▶ **WHAT THE TASK ASKS**
A complete, unaltered copy of the listing is needed. Write it out.

▶ **DATA SUPPLIED**

================================

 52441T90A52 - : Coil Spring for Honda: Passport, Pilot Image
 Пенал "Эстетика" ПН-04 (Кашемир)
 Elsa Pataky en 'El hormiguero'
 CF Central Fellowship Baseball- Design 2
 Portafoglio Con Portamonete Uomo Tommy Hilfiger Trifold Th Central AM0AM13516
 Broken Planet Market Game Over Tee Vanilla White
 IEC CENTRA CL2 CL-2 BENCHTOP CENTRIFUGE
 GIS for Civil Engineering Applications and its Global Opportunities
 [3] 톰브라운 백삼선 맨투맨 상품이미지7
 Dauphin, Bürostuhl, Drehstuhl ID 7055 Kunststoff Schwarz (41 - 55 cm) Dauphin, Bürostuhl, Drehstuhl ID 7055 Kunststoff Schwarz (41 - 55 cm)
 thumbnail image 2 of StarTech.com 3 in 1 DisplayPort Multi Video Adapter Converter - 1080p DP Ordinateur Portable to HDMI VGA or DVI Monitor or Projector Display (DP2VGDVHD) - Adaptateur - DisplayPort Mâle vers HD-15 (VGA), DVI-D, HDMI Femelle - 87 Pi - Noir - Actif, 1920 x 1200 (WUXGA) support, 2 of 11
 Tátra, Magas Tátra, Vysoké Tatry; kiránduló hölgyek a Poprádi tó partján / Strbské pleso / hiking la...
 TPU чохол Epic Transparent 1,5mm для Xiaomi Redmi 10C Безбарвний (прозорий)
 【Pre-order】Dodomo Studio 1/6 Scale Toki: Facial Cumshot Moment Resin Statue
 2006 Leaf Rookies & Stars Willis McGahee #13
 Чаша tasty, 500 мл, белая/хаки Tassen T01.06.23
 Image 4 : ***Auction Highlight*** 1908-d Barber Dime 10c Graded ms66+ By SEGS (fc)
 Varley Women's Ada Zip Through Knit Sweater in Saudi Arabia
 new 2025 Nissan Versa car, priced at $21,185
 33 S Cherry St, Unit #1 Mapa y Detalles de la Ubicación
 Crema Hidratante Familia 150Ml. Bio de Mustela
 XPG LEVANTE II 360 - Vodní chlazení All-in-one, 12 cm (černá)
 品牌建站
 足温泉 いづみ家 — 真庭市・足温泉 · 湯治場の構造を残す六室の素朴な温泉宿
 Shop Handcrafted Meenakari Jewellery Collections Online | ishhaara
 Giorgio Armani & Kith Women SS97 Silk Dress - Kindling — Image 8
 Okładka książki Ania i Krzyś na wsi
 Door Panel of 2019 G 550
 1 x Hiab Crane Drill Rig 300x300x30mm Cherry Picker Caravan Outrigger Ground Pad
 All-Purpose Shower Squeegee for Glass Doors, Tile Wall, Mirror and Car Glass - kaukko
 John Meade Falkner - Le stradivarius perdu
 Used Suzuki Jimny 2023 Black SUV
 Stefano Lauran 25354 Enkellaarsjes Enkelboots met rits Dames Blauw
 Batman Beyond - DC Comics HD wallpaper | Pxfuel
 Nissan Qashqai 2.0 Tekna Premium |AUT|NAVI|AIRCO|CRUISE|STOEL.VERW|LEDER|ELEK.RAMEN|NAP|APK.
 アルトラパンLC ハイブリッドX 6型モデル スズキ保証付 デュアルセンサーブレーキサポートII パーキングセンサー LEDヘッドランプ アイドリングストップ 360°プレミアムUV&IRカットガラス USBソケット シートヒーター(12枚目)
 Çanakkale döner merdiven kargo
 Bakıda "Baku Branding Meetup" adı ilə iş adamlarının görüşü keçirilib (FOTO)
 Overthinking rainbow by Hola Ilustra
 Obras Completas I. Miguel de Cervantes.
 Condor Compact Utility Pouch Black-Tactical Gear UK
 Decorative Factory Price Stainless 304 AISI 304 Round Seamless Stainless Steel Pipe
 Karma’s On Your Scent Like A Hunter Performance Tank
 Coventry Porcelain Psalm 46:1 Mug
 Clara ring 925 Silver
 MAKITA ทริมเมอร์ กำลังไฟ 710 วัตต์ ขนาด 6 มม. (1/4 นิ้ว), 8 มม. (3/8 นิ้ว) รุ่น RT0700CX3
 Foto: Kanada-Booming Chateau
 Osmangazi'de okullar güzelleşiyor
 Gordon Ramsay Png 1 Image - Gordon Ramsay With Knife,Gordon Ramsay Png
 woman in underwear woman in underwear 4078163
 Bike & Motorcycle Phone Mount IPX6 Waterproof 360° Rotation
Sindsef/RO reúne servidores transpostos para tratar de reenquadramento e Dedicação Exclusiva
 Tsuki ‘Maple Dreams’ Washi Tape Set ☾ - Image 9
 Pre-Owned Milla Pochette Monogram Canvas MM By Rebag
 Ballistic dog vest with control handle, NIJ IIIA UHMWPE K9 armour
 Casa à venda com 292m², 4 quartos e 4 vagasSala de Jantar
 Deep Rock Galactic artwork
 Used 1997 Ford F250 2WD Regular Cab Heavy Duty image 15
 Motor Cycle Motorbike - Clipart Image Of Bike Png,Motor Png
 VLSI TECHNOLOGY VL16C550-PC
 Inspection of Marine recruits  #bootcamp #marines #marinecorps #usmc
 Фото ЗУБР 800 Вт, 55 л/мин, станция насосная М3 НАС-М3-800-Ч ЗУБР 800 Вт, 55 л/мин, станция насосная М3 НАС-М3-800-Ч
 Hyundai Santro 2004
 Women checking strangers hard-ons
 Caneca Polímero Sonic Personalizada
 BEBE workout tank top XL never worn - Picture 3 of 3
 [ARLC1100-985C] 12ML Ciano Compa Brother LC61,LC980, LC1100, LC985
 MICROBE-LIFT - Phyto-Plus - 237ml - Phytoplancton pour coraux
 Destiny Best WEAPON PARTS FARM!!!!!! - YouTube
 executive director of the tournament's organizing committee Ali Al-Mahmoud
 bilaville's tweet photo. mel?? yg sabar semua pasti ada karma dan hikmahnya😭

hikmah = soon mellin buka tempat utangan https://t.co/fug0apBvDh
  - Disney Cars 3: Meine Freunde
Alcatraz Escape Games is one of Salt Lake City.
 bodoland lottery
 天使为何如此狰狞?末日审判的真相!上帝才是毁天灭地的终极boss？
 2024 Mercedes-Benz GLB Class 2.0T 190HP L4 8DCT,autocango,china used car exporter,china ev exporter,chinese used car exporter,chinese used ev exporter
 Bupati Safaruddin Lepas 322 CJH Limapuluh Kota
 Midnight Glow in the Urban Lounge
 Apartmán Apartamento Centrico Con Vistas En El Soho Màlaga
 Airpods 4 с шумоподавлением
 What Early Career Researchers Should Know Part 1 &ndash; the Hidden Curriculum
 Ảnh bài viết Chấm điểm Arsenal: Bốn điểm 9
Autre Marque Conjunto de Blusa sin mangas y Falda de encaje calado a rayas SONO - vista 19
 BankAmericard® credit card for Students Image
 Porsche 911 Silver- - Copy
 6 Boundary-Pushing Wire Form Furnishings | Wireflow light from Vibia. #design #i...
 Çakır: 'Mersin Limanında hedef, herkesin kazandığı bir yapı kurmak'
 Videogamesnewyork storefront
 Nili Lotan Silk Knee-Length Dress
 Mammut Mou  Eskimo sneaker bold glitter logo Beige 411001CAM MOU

================================

▶ **ANSWER BOX**
 52441T90A52 - : Coil Spring for Honda: Passport, Pilot Image
 Пенал "Эстетика" ПН-04 (Кашемир)
 Elsa Pataky en 'El hormiguero'
 CF Central Fellowship Baseball- Design 2
 Portafoglio Con Portamonete Uomo Tommy Hilfiger Trifold Th Central AM0AM13516
 Broken Planet Market Game Over Tee Vanilla White
 IEC CENTRA CL2 CL-2 BENCHTOP CENTRIFUGE
 GIS for Civil Engineering Applications and its Global Opportunities
 [3] 톰브라운 백삼선 맨투맨 상품이미지7
 Dauphin, Bürostuhl, Drehstuhl ID 7055 Kunststoff Schwarz (41 - 55 cm) Dauphin, Bürostuhl, Drehstuhl ID 7055 Kunststoff Schwarz (41 - 55 cm)
 thumbnail image 2 of StarTech.com 3 in 1 DisplayPort Multi Video Adapter Converter - 1080p DP Ordinateur Portable to HDMI VGA or DVI Monitor or Projector Display (DP2VGDVHD) - Adaptateur - DisplayPort Mâle vers HD-15 (VGA), DVI-D, HDMI Femelle - 87 Pi - Noir - Actif, 1920 x 1200 (WUXGA) support, 2 of 11
 Tátra, Magas Tátra, Vysoké Tatry; kiránduló hölgyek a Poprádi tó partján / Strbské pleso / hiking la...
 TPU чохол Epic Transparent 1,5mm для Xiaomi Redmi 10C Безбарвний (прозорий)
 【Pre-order】Dodomo Studio 1/6 Scale Toki: Facial Cumshot Moment Resin Statue
 2006 Leaf Rookies & Stars Willis McGahee #13
 Чаша tasty, 500 мл, белая/хаки Tassen T01.06.23
 Image 4 : ***Auction Highlight*** 1908-d Barber Dime 10c Graded ms66+ By SEGS (fc)
 Varley Women's Ada Zip Through Knit Sweater in Saudi Arabia
 new 2025 Nissan Versa car, priced at $21,185
 33 S Cherry St, Unit #1 Mapa y Detalles de la Ubicación
 Crema Hidratante Familia 150Ml. Bio de Mustela
 XPG LEVANTE II 360 - Vodní chlazení All-in-one, 12 cm (černá)
 品牌建站
 足温泉 いづみ家 — 真庭市・足温泉 · 湯治場の構造を残す六室の素朴な温泉宿
 Shop Handcrafted Meenakari Jewellery Collections Online | ishhaara
 Giorgio Armani & Kith Women SS97 Silk Dress - Kindling — Image 8
 Okładka książki Ania i Krzyś na wsi
 Door Panel of 2019 G 550
 1 x Hiab Crane Drill Rig 300x300x30mm Cherry Picker Caravan Outrigger Ground Pad
 All-Purpose Shower Squeegee for Glass Doors, Tile Wall, Mirror and Car Glass - kaukko
 John Meade Falkner - Le stradivarius perdu
 Used Suzuki Jimny 2023 Black SUV
 Stefano Lauran 25354 Enkellaarsjes Enkelboots met rits Dames Blauw
 Batman Beyond - DC Comics HD wallpaper | Pxfuel
 Nissan Qashqai 2.0 Tekna Premium |AUT|NAVI|AIRCO|CRUISE|STOEL.VERW|LEDER|ELEK.RAMEN|NAP|APK.
 アルトラパンLC ハイブリッドX 6型モデル スズキ保証付 デュアルセンサーブレーキサポートII パーキングセンサー LEDヘッドランプ アイドリングストップ 360°プレミアムUV&IRカットガラス USBソケット シートヒーター(12枚目)
 Çanakkale döner merdiven kargo
 Bakıda "Baku Branding Meetup" adı ilə iş adamlarının görüşü keçirilib (FOTO)
 Overthinking rainbow by Hola Ilustra
 Obras Completas I. Miguel de Cervantes.
 Condor Compact Utility Pouch Black-Tactical Gear UK
 Decorative Factory Price Stainless 304 AISI 304 Round Seamless Stainless Steel Pipe
 Karma’s On Your Scent Like A Hunter Performance Tank
 Coventry Porcelain Psalm 46:1 Mug
 Clara ring 925 Silver
 MAKITA ทริมเมอร์ กำลังไฟ 710 วัตต์ ขนาด 6 มม. (1/4 นิ้ว), 8 มม. (3/8 นิ้ว) รุ่น RT0700CX3
 Foto: Kanada-Booming Chateau
 Osmangazi'de okullar güzelleşiyor
 Gordon Ramsay Png 1 Image - Gordon Ramsay With Knife,Gordon Ramsay Png
 woman in underwear woman in underwear 4078163
 Bike & Motorcycle Phone Mount IPX6 Waterproof 360° Rotation
Sindsef/RO reúne servidores transpostos para tratar de reenquadramento e Dedicação Exclusiva
 Tsuki ‘Maple Dreams’ Washi Tape Set ☾ - Image 9
 Pre-Owned Milla Pochette Monogram Canvas MM By Rebag
 Ballistic dog vest with control handle, NIJ IIIA UHMWPE K9 armour
 Casa à venda com 292m², 4 quartos e 4 vagasSala de Jantar
 Deep Rock Galactic artwork
 Used 1997 Ford F250 2WD Regular Cab Heavy Duty image 15
 Motor Cycle Motorbike - Clipart Image Of Bike Png,Motor Png
 VLSI TECHNOLOGY VL16C550-PC
 Inspection of Marine recruits  #bootcamp #marines #marinecorps #usmc
 Фото ЗУБР 800 Вт, 55 л/мин, станция насосная М3 НАС-М3-800-Ч ЗУБР 800 Вт, 55 л/мин, станция насосная М3 НАС-М3-800-Ч
 Hyundai Santro 2004
 Women checking strangers hard-ons
 Caneca Polímero Sonic Personalizada
 BEBE workout tank top XL never worn - Picture 3 of 3
 [ARLC1100-985C] 12ML Ciano Compa Brother LC61,LC980, LC1100, LC985
 MICROBE-LIFT - Phyto-Plus - 237ml - Phytoplancton pour coraux
 Destiny Best WEAPON PARTS FARM!!!!!! - YouTube
 executive director of the tournament's organizing committee Ali Al-Mahmoud
 bilaville's tweet photo. mel?? yg sabar semua pasti ada karma dan hikmahnya😭

hikmah = soon mellin buka tempat utangan https://t.co/fug0apBvDh
  - Disney Cars 3: Meine Freunde
Alcatraz Escape Games is one of Salt Lake City.
 bodoland lottery
 天使为何如此狰狞?末日审判的真相!上帝才是毁天灭地的终极boss？
 2024 Mercedes-Benz GLB Class 2.0T 190HP L4 8DCT,autocango,china used car exporter,china ev exporter,chinese used car exporter,chinese used ev exporter
 Bupati Safaruddin Lepas 322 CJH Limapuluh Kota
 Midnight Glow in the Urban Lounge
 Apartmán Apartamento Centrico Con Vistas En El Soho Màlaga
 Airpods 4 с шумоподавлением
 What Early Career Researchers Should Know Part 1 &ndash; the Hidden Curriculum
 Ảnh bài viết Chấm điểm Arsenal: Bốn điểm 9
Autre Marque Conjunto de Blusa sin mangas y Falda de encaje calado a rayas SONO - vista 19
 BankAmericard® credit card for Students Image
 Porsche 911 Silver- - Copy
 6 Boundary-Pushing Wire Form Furnishings | Wireflow light from Vibia. #design #i...
 Çakır: 'Mersin Limanında hedef, herkesin kazandığı bir yapı kurmak'
 Videogamesnewyork storefront
 Nili Lotan Silk Knee-Length Dress
 Mammut Mou  Eskimo sneaker bold glitter logo Beige 411001CAM MOU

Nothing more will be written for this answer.